“It’s insanely dangerous,” says Trevor Frost, a photographer and National Geographic grantee. “It’s hard to focus on taking pictures and at the same time make sure that your hands and arms aren’t going to get bitten off.”
Frost has spent the last three years documenting saltwater crocodile hunting in northern Australia, where the gigantic animals have made a comeback from near-extinction in 1971 to as many as 100,000 today in the Northern Territory alone.
Crocodiles numbers have bounced back so much that some people started worrying about their safety, and called for widespread culls of the animals.
To ease concern, the Northern Territory decided to allow a limited number to be hunted each year. The hunt gives people a way to make money from the crocodiles, creating an incentive to keep them around. The tanned skin of a 14-footer can be worth up to $10,000, Frost says. And a skull can sell for as much as $3,000.
This concept, sometimes referred to as “if it pays, it stays” conservation, has been tried around the world in many other contexts. In a lot of cases, it fails—resulting in poaching of the protected animal. But Frost’s years of on-the-ground reporting have convinced him that in Australia, when it comes to saltwater crocodiles at least, the approach works.

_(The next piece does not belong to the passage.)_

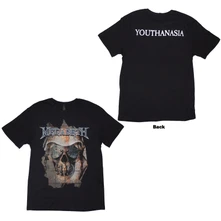 Megadeth, Tričko Youthanasia Ripped Thru, Unisex, Čierna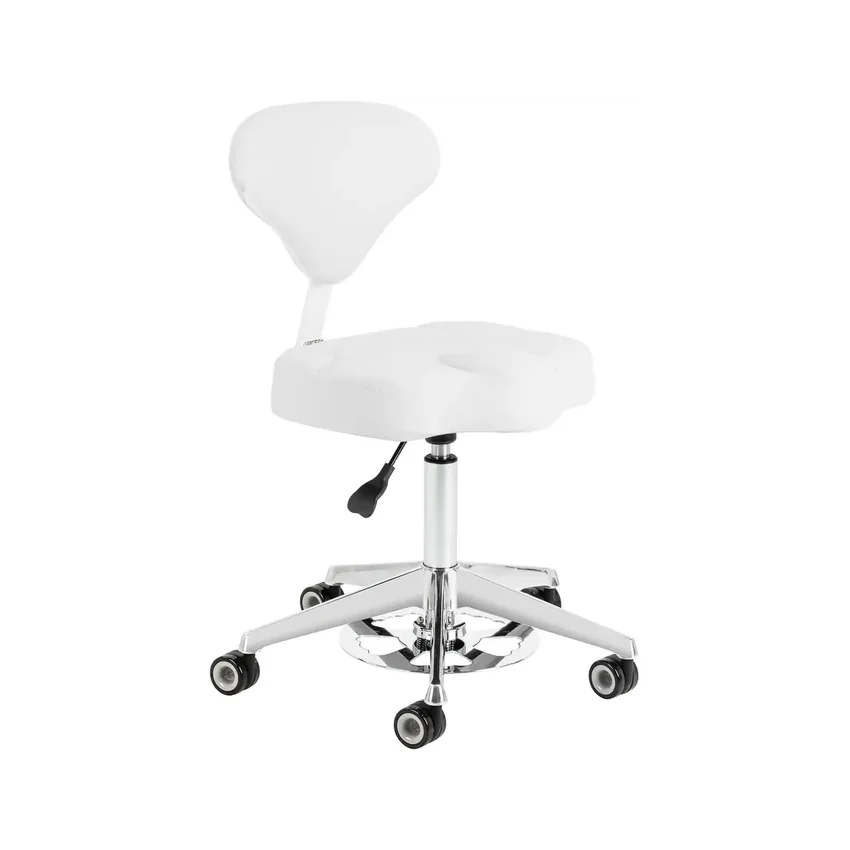 Ergonomiczny fotel roboczy - Azzurro 156f - śnieżnobiały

The hunter must have a permit to kill a crocodile, and it specifies what size he’s allowed to take. He must film the catch and slaughter and present the video to the authorities, Frost says, so that they can verify it was killed according to humane standards.
He tells the story of one the most momentous—and emotional—hunts he went on. An aboriginal landowner whose wife was nearly attacked by a giant crocodile on their land called in two hunters that Frost had been shadowing. The hunters and Frost set out at night in a 14-foot aluminum boat, looking for the croc. One person manned the motor; the other stood on the bow swinging a spotlight back and forth looking for the crocodile’s eye shine.
They found him. Based on the distance between the eyes, they knew he was massive. Keeping the light in the croc’s eyes so it couldn’t see, the hunters pulled the boat up close. They shot a harpoon into the back of its neck. Then the fight began.
“The harpooner takes hold of the reel and plays it out like a fish,” Frost says. “It’s very much a dance.”
This massive croc was so strong that it ran all the slack out of the reel and began pulling the boat. “We were being dragged pretty quickly,” Frost says. After two hours, it finally started to tire. It would come to the surface, hiss, and then dip back under.
Finally, the boat was able to get close enough to lasso its jaws, which would need to be duct-taped shut before the hunters could shoot it dead.
All of a sudden, the crocodile bit the side of the boat and began thrashing. The boat was in danger of tipping over. One hunter yelled at them to sit down. “I got two cameras around my neck and I just drop to the bottom of the boat,” Frost says.
Eventually, the croc tired. They were able to lasso it. Using a revolver, one of the hunters shot it in the brain stem, causing immediate death. It was 2 a.m. when they got back to shore.
When they measured the crocodile, it came in at nearly 16 feet long.
Frost didn’t grow up around guns or hunting and doesn’t consider himself a hunter. I asked him if it was hard watching an animal fight so hard for its life and ultimately lose.
“It’s definitely emotional. More emotional than anything was that it was an 80-year-old animal,” he says. “It was as old as my grandmother. It had been through the second World War, probably the Great Depression. It had seen so much.”
Frost’s work was funded by the National Geographic Society Expeditions Council.